→ Exercise:
Only one stretch of the data is wanted: the line containing "3 ngày sau khi", the line containing "Cirujanos plásticos tratan", and every line between them, copied exactly.

######

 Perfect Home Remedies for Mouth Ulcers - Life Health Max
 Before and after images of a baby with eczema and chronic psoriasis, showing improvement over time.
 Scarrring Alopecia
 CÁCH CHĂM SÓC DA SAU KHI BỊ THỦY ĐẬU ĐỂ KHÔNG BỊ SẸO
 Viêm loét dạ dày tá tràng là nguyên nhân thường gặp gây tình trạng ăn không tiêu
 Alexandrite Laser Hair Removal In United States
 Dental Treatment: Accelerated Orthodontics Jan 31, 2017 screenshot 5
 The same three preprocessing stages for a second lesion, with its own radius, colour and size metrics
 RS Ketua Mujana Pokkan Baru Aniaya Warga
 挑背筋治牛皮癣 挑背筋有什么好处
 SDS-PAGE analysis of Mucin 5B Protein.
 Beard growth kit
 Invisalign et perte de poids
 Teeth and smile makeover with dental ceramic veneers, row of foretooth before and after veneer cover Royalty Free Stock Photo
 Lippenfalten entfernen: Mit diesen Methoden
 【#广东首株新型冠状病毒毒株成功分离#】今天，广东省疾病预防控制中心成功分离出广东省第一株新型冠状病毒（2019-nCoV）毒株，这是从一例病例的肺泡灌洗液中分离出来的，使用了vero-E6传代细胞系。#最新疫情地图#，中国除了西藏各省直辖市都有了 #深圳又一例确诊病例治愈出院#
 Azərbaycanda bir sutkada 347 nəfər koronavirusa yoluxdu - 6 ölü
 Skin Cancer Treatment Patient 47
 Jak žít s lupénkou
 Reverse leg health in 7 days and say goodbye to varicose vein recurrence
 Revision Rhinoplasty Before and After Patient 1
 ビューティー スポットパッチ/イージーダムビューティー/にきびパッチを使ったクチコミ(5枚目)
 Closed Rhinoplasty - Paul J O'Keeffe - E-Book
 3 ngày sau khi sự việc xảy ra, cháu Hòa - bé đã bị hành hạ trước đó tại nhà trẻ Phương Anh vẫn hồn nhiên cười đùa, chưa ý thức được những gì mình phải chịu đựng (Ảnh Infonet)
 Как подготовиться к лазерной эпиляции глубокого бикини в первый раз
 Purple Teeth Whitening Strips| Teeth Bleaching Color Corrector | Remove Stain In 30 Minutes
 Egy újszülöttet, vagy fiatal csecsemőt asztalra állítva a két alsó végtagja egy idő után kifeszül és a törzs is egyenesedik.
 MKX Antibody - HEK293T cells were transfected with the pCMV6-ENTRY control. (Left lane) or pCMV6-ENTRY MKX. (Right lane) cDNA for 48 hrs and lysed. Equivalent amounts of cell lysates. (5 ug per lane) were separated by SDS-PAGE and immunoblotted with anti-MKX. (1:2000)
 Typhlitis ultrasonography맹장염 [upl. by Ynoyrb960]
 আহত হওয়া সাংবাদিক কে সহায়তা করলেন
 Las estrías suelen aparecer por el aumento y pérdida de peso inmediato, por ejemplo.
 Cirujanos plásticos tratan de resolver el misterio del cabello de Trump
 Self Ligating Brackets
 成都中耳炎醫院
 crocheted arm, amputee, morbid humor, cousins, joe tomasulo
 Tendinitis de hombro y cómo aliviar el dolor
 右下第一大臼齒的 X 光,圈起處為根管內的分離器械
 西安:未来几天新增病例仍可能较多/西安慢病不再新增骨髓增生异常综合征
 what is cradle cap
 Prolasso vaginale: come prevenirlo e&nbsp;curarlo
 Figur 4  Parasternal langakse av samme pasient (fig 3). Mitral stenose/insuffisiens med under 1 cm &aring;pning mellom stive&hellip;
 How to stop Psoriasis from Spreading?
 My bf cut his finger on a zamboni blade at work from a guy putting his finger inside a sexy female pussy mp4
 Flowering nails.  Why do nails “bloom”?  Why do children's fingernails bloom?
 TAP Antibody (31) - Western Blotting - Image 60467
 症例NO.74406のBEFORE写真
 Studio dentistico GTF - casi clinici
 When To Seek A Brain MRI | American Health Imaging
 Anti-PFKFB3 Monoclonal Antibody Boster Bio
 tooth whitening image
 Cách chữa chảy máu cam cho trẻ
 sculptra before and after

######

→ Response:
 3 ngày sau khi sự việc xảy ra, cháu Hòa - bé đã bị hành hạ trước đó tại nhà trẻ Phương Anh vẫn hồn nhiên cười đùa, chưa ý thức được những gì mình phải chịu đựng (Ảnh Infonet)
 Как подготовиться к лазерной эпиляции глубокого бикини в первый раз
 Purple Teeth Whitening Strips| Teeth Bleaching Color Corrector | Remove Stain In 30 Minutes
 Egy újszülöttet, vagy fiatal csecsemőt asztalra állítva a két alsó végtagja egy idő után kifeszül és a törzs is egyenesedik.
 MKX Antibody - HEK293T cells were transfected with the pCMV6-ENTRY control. (Left lane) or pCMV6-ENTRY MKX. (Right lane) cDNA for 48 hrs and lysed. Equivalent amounts of cell lysates. (5 ug per lane) were separated by SDS-PAGE and immunoblotted with anti-MKX. (1:2000)
 Typhlitis ultrasonography맹장염 [upl. by Ynoyrb960]
 আহত হওয়া সাংবাদিক কে সহায়তা করলেন
 Las estrías suelen aparecer por el aumento y pérdida de peso inmediato, por ejemplo.
 Cirujanos plásticos tratan de resolver el misterio del cabello de Trump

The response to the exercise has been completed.